## Requirement
Because the copy must hold no pictures, return the data below with all of its words intact.

## Given material
------------------------------

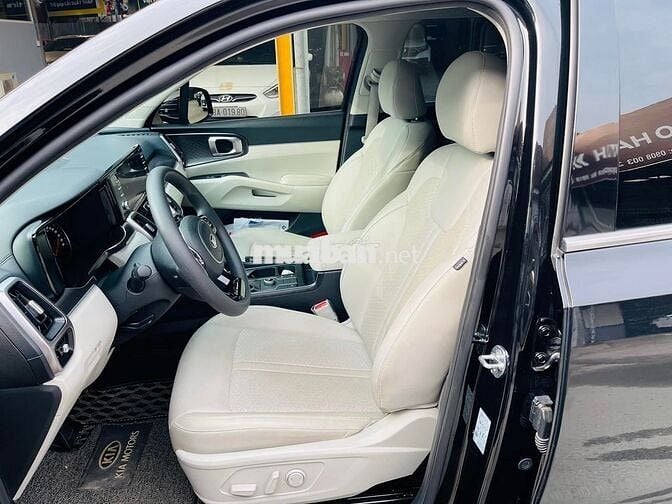 Kia Sorento 2021 Luxury 2.2 AT - 50,000 km.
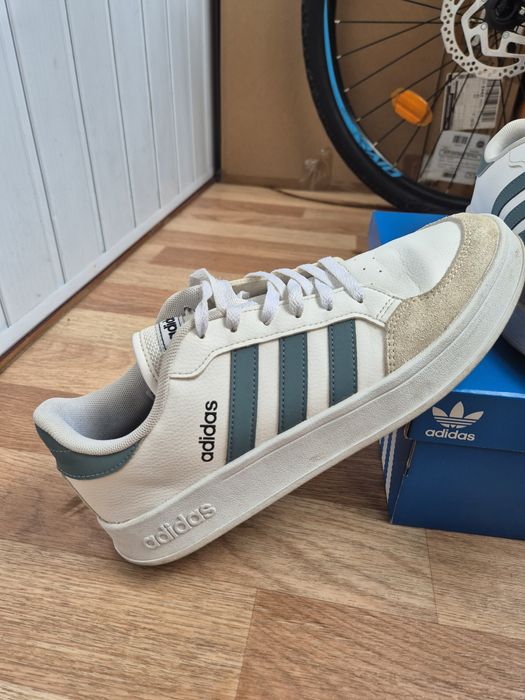 Кеди/кросівки Adidas Breaknet 42р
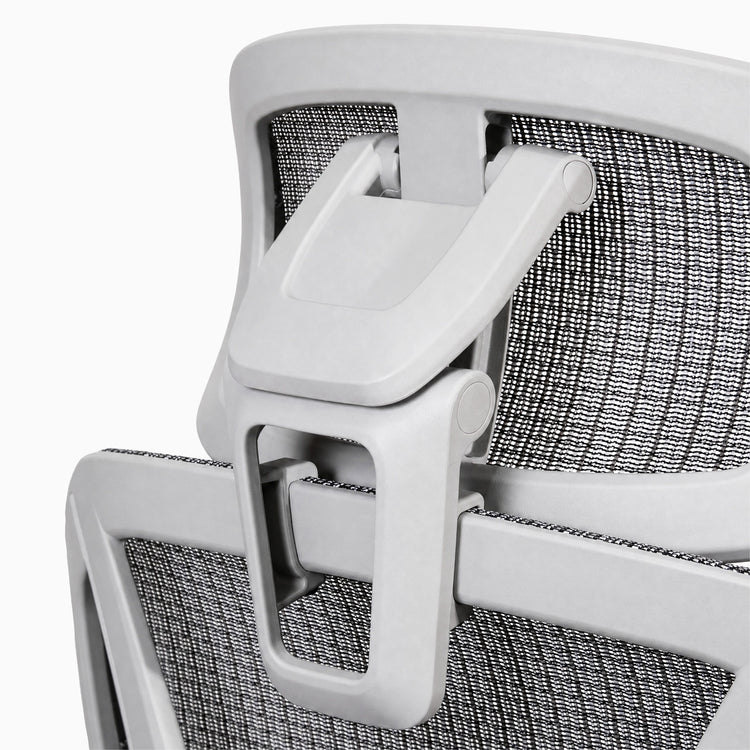 Desky Contourra Ergonomic Mesh Chair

------------------------------

## Reply
 Kia Sorento 2021 Luxury 2.2 AT - 50,000 km.
 Кеди/кросівки Adidas Breaknet 42р
 Desky Contourra Ergonomic Mesh Chair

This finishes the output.